Aus einer eher harmlosen Erzählung wurde eine spannende Story
Ein Rückblick auf die Recherchen der WZ im Jahre 2006 im Fall Rinkel und auf das große mediale Interesse nach der Veröffentlichung.
Willich. Die Geschichte der jetzt verstorbenen Elfriede Rinkel ist wirklich außergewöhnlich: spannend, auch tragisch, mit zeitgeschichtlichem Bezug. Für eine kurze Zeit wollten Medien aus der ganzen Welt über sie berichten. Und wie kam die Westdeutsche Zeitung exklusiv an die Geschichte? Der frühere WZ-Redakteur Peter Korall erinnert sich.
Die spannende Story wirkte in den Anfängen eher harmlos. „Unsere Familie bekommt Zuwachs“, berichtete mir Wochen zuvor eine Freundin aus Willich. „Eine alte Tante, die lange in Amerika gelebt hat, muss das Land verlassen. Ihr Mann ist vor zwei Jahren gestorben und jetzt soll sie dort weg.“ Wie jetzt? Das klang komisch, aber Einzelheiten wusste die Freundin nicht. Also blieb’s bei der Verabredung: Wenn die Tante sich mal in Willich eingelebt hat, kann sie uns das in der Redaktion ja mal berichten, wie das ist, 40 Jahre in San Francisco zu leben. Gesagt, aber noch nicht getan.

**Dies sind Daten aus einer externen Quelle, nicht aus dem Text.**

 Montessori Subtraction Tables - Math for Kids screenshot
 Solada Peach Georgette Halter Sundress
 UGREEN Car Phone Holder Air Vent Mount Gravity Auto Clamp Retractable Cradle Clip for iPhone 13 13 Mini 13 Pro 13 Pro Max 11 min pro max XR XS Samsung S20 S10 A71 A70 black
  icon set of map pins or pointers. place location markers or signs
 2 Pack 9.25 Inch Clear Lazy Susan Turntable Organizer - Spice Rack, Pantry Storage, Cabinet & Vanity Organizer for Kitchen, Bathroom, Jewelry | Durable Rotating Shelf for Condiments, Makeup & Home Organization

Wochen später. „Wolltest du dich nicht mal mit der Tante unserer Freundin in Verbindung setzen?“ Wissen wollte das meine Frau. „Stimmt, wenn Zeit ist, werde ich da mal anrufen.“ Im Büro hatte ich das eigentlich schon verdrängt, als aus dem Nebenzimmer der Kollege Jürgen Lemke hereinkam und erzählte, dass der „Daily Telegraph“ aus London angerufen habe. „Sie suchen eine Frau, die aus den USA ausgewiesen wurde. Im Zuge irgendwelcher Archivöffnungen sind da Hinweise auf die Nazi-Zeit ans Licht gekommen“, so der Kollege. Die Frau soll sich im Kreis Viersen aufhalten.

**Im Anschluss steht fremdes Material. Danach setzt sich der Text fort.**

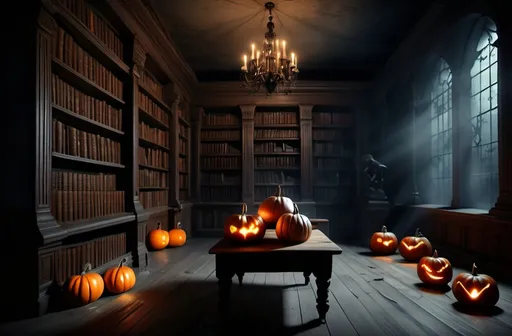 Prompt: haunted library, (ominous atmosphere), realistic pumpkins, floating ghosts, flickering candles, dim lighting, dark wood shelves filled with ancient books, dusty cobwebs, eerie shadows, mystical ambiance, horizontal composition, (highly detailed) , (4K) , (cinematic), mysterious, foreboding vibe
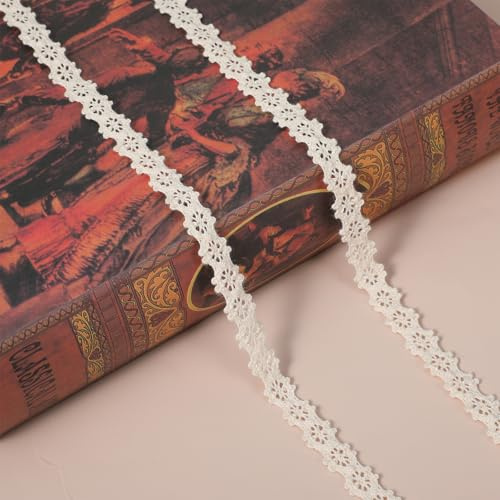 Ymapinc Nastro vintage in pizzo di cotone da 9,1 m, sottile 1 cm, all'uncinetto, colore bianco avorio, per matrimoni nuziali, album di ritagli nuziali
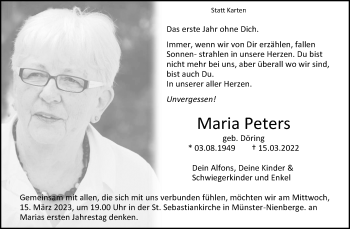 Anzeige von Maria Peters 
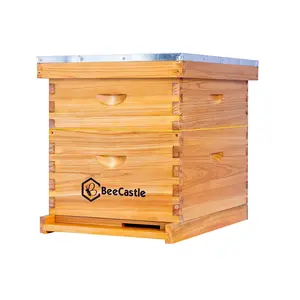 BeeCastle 10 Frame Beeswax Coated Langstroth Beehive Deep Medium Box with Cedarwood Construction & Wooden Frame for Beginners & Pro Beekeepers Home Insulation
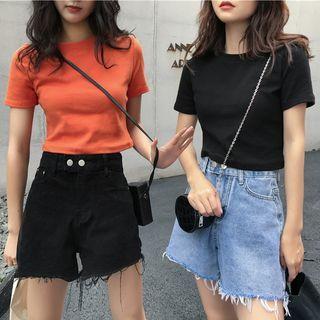 Plain Short-sleeve Cropped T-shirt / Tank Top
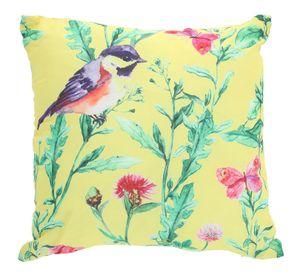 Cojin Mas Funda Decorativa Bucolicos Pajaros Fondo Amarillo 45x45 cm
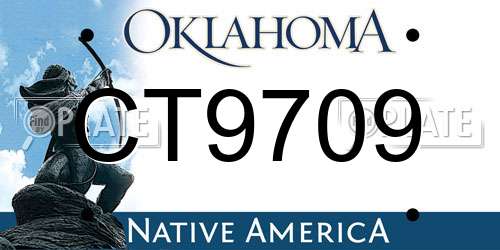 CT9709 Oklahoma License Plate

Ich stutzte. „Ich glaube, die Geschichte kenne ich“, sagte ich. Griff zum Hörer und rief die Freundin an. „Mit dir rechne ich seit Stunden“, reagierte die. „Das stimmt alles so“, erklärte sie. Dann musste ich sie haben. Es dauerte Stunden, um genau zu sein: bis mitten in die nächste Nacht, bis ich mit der Familie eine Lösung gefunden hatte, über Elfriede Rinkel zu berichten. Ich bekam sie für ein paar Minuten sogar selbst ans Telefon. Am darauffolgenden Tag erschien die Geschichte in der WZ.
Ab dem Erscheinungstag brach der mediale Sturm über uns hinein. Die Kollegen von „Spiegel“ und „Stern“ waren gleich persönlich erschienen. „El Pais“ aus Spanien, diverse Zeitungen aus England und Deutschland (unter anderem die „London Times“ und die „Süddeutsche Zeitung“), CNN, die „Washington Post“ und, und, und. Alle wollten diese Geschichte. Jetzt war es Teil der Vereinbarung mit der Familie, dass jeder, der über Elfriede Rinkel berichten wollte, zunächst mich anschrieb. Ich würde dann den Brief dort abliefern. So kam’s.
Berichtet wurde allerdings über die Faktenlage hinaus recht selten. Die Familie wollte das nicht. Sie hatte über die WZ sogar verlautbart, dass „Tante Elfriede“ erstmal in die Schweiz gegangen sei. Das stellte sich später als Notlüge heraus. Sie wollten halt ihre Ruhe haben.
Allerdings steht diese Geschichte heute noch im Online-Lexikon „Wikipedia“. Jahre später interessierte sich deshalb der „Blick“, die größte Boulevard-Zeitung der Schweiz, für die Story. Zwischenzeitlich war auch ein Reporter der ARD einfach in das Altenheim gegangen, in dem Elfriede Rinkel lebte, und hatte versucht, sich mit ihr zu unterhalten. Meine Frau und ich trafen sie immer wieder mal, wenn zu irgendwelchen Anlässen gefeiert wurde. Auskunftsfreudig erzählte sie stets gerne von ihrem Leben in San Francisco. Über das Leben davor sprach sie nie mehr mit mir. Und in einem Punkt schweigt auch die Familie lächelnd: Nämlich bei der Frage, ob die Urne von Elfriede Rinkel — so gehen Gerüchte — nicht doch noch den jüdischen Friedhof in San Francisco erreicht hat und die Verstorbene nun bei ihrem geliebten Mann ist.